Il se voyait déjà tout en haut de l’affiche mais il n’eut pas de chance et tomba lors de la primaire sur son copain Hamon, toujours aussi bas du front, mais apprécié de l’apparatchik en raison de ses limites. Patatras, notre beau Manuel fut battu. Il se replia sur Evry pour lécher ses blessures, bramant à la presse, en janvier 2017 :» Je reste ce que j’ai toujours été : l’élu d’Evry, qui m’a tant appris. Evry, c’est aussi ma sève, ma source. » Il lui fallait cela car Anne la glamoureuse, déçue dans ses espoirs élyséens, divorçait. C’est alors que la vie privée de notre Valls lui fit réussir l’un de ces changements de front qui font sa force. Le PS marquait mal à l’époque, il fut réélu de justesse à Evry, en l’absence bienveillante d’un candidat de la République en marche.

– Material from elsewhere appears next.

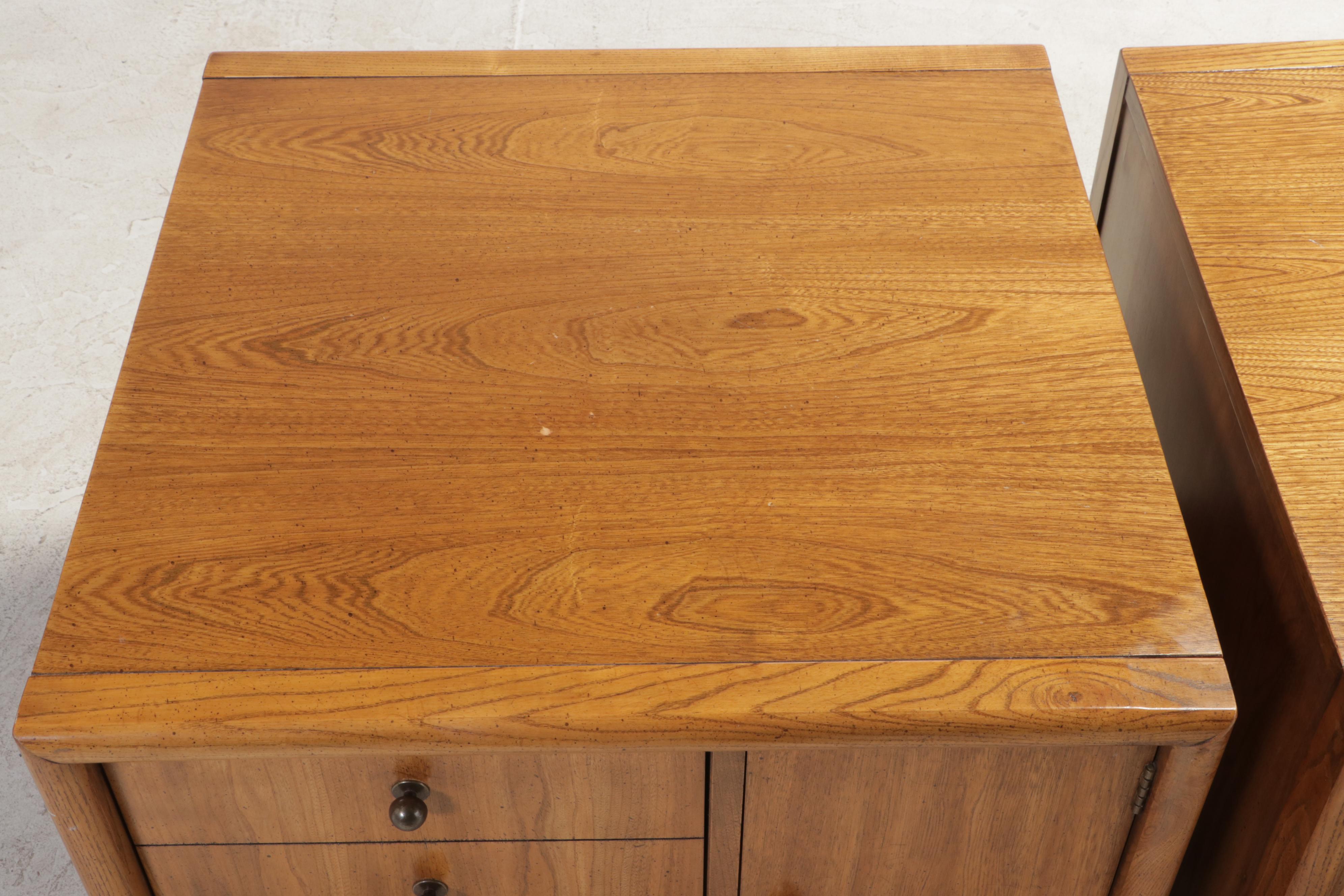 Pair of Stanley Furniture Modernist Ash Side Tables in Fruitwood Finish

Il s’était mis en ménage avec une députée de cette casaque, Olivia Grégoire, ancienne assistante de Raffarin (la pauvre fille), qui, ayant fait carrière à la gauche de la droite, se retrouvait avec son nouvel homme dans le grand bain macronien.
 

Quand Manuel Valls chevauche une nouvelle ambition

 
Las, bien des esprits avisés se demandaient si Macron est un bon placement à long terme. Et puis notre Manuel Valls, tout en restant à Evry, sa source et sa sève, savait y avoir été très mal élu et n’avait plus d’espoir d’y être réélu. Il espéra une place de ministre, mais ne parvint jamais à traverser la rue du Faubourg Saint Honoré pour rendre visite à Macron. Il commençait à désespérer en privé quand le destin jeta sur sa route une sémillante quinquagénaire, riche héritière catalane de surcroît, Susana Gallardo. C’est elle qui le poussa à se déclarer candidat à la mairie de Barcelone, en deux langues s’il vous plait, castillan et catalan. Né à Barcelone en 1962, naturalisé français vingt ans plus tard, Valls revient à sa première source en même temps qu’à sa future sève.
 

Barcelone, Susana, la grande vie : Ubi bene, ibi patria

 
L’homme nie par ses actes et ses choix la Nation, l’Etat, qu’il a prétendu servir. Le service public demande une fidélité qui ne dépend pas de l’intérêt privé de celui qui s’y consacre. Manuel Valls s’en fiche. Quand son confort et son ambition ont soufflé vers Paris, il s’est fait naturaliser, s’est mis dans une écurie, a chevauché les bons bourrins et a fait sa route. Quand la bise fut venue, il lui a fallu choisir une solution de repli. Rentrer au pays, avec le petit pincement au cœur de l’immigré qui a connu la grande ville. Mais Barcelone n’est pas mal non plus, les Ramblas, la Sagrada familia, et puis c’est très branchouille. En outre, je ne voudrais pas être terre à terre, mais avec Susana, plus de souci à se faire pour la matérielle. Ça va peut-être détendre, le petit Manuel, il va arrêter de froncer les sourcils pour un oui pour un non. Ça nous fait chaud au cœur pour lui. Et pour tous ceux de son espèce. Les nomades qui nous gouvernent. Les gens qui sèment le bonheur tout autour de la terre. Ubi bene, ibi patria.